Description of the task: Nothing but the lines from the one with "Fish & Chips" through the end of the records below should be written out, and each must match word for word.

━━━ Supplied entries ━━━

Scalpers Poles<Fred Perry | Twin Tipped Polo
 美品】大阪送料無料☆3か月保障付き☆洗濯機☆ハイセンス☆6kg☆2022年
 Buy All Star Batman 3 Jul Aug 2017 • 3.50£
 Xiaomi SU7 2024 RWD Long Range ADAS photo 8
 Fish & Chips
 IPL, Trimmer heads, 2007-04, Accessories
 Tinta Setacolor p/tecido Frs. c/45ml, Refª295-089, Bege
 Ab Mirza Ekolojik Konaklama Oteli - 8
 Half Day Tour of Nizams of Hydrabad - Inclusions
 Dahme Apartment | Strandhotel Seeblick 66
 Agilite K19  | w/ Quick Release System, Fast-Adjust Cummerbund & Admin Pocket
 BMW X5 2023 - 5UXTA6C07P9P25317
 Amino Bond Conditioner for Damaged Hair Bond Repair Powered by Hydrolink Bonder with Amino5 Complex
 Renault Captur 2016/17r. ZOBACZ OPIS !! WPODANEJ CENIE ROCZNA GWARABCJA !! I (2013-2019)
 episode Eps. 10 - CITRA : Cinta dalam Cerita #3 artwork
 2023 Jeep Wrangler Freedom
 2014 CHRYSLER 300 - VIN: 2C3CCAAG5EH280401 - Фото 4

━━━

Task solution:
 Fish & Chips
 IPL, Trimmer heads, 2007-04, Accessories
 Tinta Setacolor p/tecido Frs. c/45ml, Refª295-089, Bege
 Ab Mirza Ekolojik Konaklama Oteli - 8
 Half Day Tour of Nizams of Hydrabad - Inclusions
 Dahme Apartment | Strandhotel Seeblick 66
 Agilite K19  | w/ Quick Release System, Fast-Adjust Cummerbund & Admin Pocket
 BMW X5 2023 - 5UXTA6C07P9P25317
 Amino Bond Conditioner for Damaged Hair Bond Repair Powered by Hydrolink Bonder with Amino5 Complex
 Renault Captur 2016/17r. ZOBACZ OPIS !! WPODANEJ CENIE ROCZNA GWARABCJA !! I (2013-2019)
 episode Eps. 10 - CITRA : Cinta dalam Cerita #3 artwork
 2023 Jeep Wrangler Freedom
 2014 CHRYSLER 300 - VIN: 2C3CCAAG5EH280401 - Фото 4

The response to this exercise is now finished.